◆ Dataset excerpts ◆
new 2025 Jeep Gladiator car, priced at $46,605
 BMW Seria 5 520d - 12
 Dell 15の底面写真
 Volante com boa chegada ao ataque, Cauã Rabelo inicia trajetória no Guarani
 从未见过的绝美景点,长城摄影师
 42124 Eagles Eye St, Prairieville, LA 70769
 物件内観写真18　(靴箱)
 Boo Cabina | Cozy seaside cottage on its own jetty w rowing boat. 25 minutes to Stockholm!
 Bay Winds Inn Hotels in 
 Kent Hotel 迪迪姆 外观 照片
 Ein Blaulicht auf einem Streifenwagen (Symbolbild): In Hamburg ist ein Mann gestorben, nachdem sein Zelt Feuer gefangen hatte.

◆ Problem details ◆
Take the lines above and print them exactly.

◆ Response to this task ◆
new 2025 Jeep Gladiator car, priced at $46,605
 BMW Seria 5 520d - 12
 Dell 15の底面写真
 Volante com boa chegada ao ataque, Cauã Rabelo inicia trajetória no Guarani
 从未见过的绝美景点,长城摄影师
 42124 Eagles Eye St, Prairieville, LA 70769
 物件内観写真18　(靴箱)
 Boo Cabina | Cozy seaside cottage on its own jetty w rowing boat. 25 minutes to Stockholm!
 Bay Winds Inn Hotels in 
 Kent Hotel 迪迪姆 外观 照片
 Ein Blaulicht auf einem Streifenwagen (Symbolbild): In Hamburg ist ein Mann gestorben, nachdem sein Zelt Feuer gefangen hatte.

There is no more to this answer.